İlk yazı üzerinden yaklașık 6 yıl geçmiş. Bu zaman zarfında acaba neler değişmiş diye baktığımızda, enteresan noktalar bulacağız:
Son yıllarda gözlenen en bariz örneklerden birisi, dinimizdeki en önemli farzlardan bir tanesi olan tesettürü tesettürlükten çıkarıp, basitleştirip, sadece moda olarak gösterip, her türlü giyinme ve baş bağlama şekline yol açmaktı. Bunu en güzel sosyal medya ve alışveriş sayfaları ile yapıyorlar. (Telif haklarından dolayı isim vermiyorum.) O zamandan bu zamana, kısa tuttuğum bu noktalar değişmemiş, daha da dehşet bir hal almaya başlamış diyebiliriz.
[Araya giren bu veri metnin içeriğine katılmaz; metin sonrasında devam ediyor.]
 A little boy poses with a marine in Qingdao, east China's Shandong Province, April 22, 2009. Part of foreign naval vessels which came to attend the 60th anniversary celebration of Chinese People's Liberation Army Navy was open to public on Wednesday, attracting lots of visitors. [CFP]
Son zamanlarda özellikle sosyal medya dışında ortaya çıkan belirli diziler var. İnsan takip etse de etmese de, bir şekilde önüne çıkıyor. Bir tarafta her türlü cemaati öcü gibi anlatan, tesettürlü hanımların her türlü ezildiğini ve hiç söz hakkı olmadığını gösteren diziler... Tesettürlü ve muhafazakâr aileler, aldatmanın sıradanlaştırıldığı, fitne ve fesat gibi olumsuz özelliklerin yalnızca onlara aitmiş gibi gösterildiği sahnelerle yansıtılıyor. Öte yandan, tesettürsüz kişiler ise daha hoşgörülü, modern ve eğitimli olarak lanse ediliyor. Bu durum, neredeyse her sahnede belirgin bir şekilde vurgulanıyor. Dinimizin yasakladığı ve büyük günah olarak adlandırdığı çirkinlikler, ne yazık ki birçok sahnede tekrar tekrar vurgula- narak ve merkeze alınarak, tesettürlü ve muhafazakâr kişilerle ilişkilendiriliyor.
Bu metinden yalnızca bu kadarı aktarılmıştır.